By Jerry Bauers, PE; George W. Houk IV, RA, LEED AP; Sebesta, Kansas City, Mo. June 19, 2014

Learning objectives

  1. Understand how glazing systems can affect a building’s heating and cooling loads.
  2. Learn how to design the building envelope to match the designer’s intent.
  3. Understand the items that can compromise an envelope model.

The abundance of sunlight in buildings is a mixed blessing. In the world of green design, natural light has been found to have enormous positive effects on building occupants. At the same time, the glazing systems that provide this natural light consume a significant amount of the energy required to condition these buildings. With this in mind, effective—and integrated—design and construction of these glazing systems is critical in managing both heating and cooling loads and, perhaps at least as important, infiltration loads in our buildings.

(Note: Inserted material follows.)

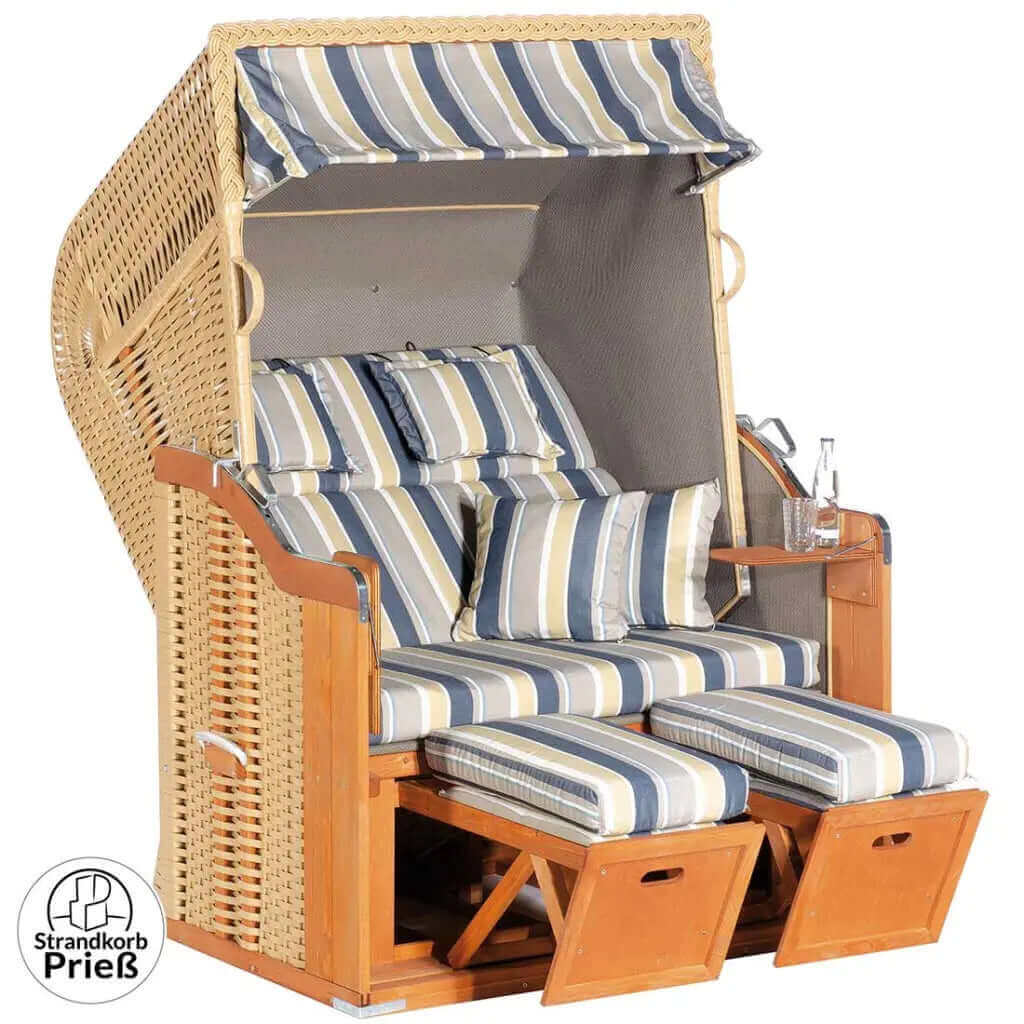 Ausstellungsstück-Strandkorb SunnySmart Rustikal 255 Plus, PVC-Geflecht beige, Dessin 1236 wie abgebildet - Strandkorb Prieß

The increasing use of daylighting (the use of natural light in lieu of electric lighting) is an important element of sustainable design in architecture. In addition to the benefits of natural light on the building occupants, managing the operating cost of building lighting systems can have significant positive effects on a building’s energy profile. With building lighting systems alone representing one-third of the average building’s annual energy consumption at the end of the 20th century, reduction in lighting system operating hours can significantly reduce its contribution to building cooling costs.

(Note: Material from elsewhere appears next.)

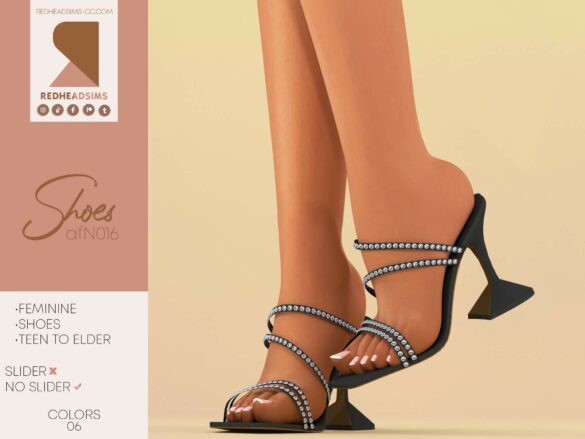 Rhinestone strap sandals N016 NO SLIDER by RED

Finally, creative solutions to managing solar radiation incident on the glazing systems through sun screens leverage the solar heating effect to reduce both heating costs in the winter and cooling costs in the summer.

Given the obvious benefits to each of these strategies, the first challenge engineers often face with the building envelope is accurately modeling its performance. The second and perhaps greater challenge is constructing the envelope elements to match the designer’s intent.

Problems and challenges

Radiant heat gain: A building’s exterior enclosure absorbs short-wave radiation from sunlight, converting that solar energy to heat in the envelope assembly. Short-wave radiant energy passes through the glazing into the space, warming the objects inside. Longer-wave radiation in the sunlight is absorbed by the glass itself, heating the glass surfaces and re-radiating that heat into the building. This phenomenon—the “greenhouse effect”—produces solar heat gain in buildings.

We can employ a number of strategies to effectively manage solar heat gain in design. One of the most popular of these strategies is to apply a coating to the glass to reduce solar gains and/or glare. An uncoated glass surface has a thermal emissivity of 0.84 to 0.91, meaning that it absorbs and re-radiates up to 91% of the radiant thermal energy to which it is exposed. By selectively reducing the emissivity of the glass surfaces, by reducing the amount of energy that is both absorbed and transmitted through the glass, we reduce the amount of solar heat gain through the glazing by as much as 75%. 

Solar glare: The glass that brings natural light into the building can also create a problem with solar glare, when the glazing is oriented toward the sun. Sunlight that reaches work surfaces where visual tasks are performed (both direct and reflected sunlight) can reflect off those working surfaces and into the eyes of the occupant, interfering with the ability to see the task. The most effective way to control solar glare problems within the building is by blocking direct sunlight before it reaches the exterior face of the glazing. Architects have increasingly employed sun shading devices that are designed to block direct sunlight from entering glazing systems in a variety of solar orientations. The design of solar glare controls can affect the engineering of both air conditioning and lighting systems.

Conductive heat loss: Glazing itself adds to building loads and comfort challenges by increasing conductive heat gains and losses. And, while these heat gains are significant, the heat gain/loss through thermal bridging (interruptions or penetrations of the insulation barrier by structural elements of the building envelope) is one significant controllable element of the envelope system and the structures in which glazing is mounted. 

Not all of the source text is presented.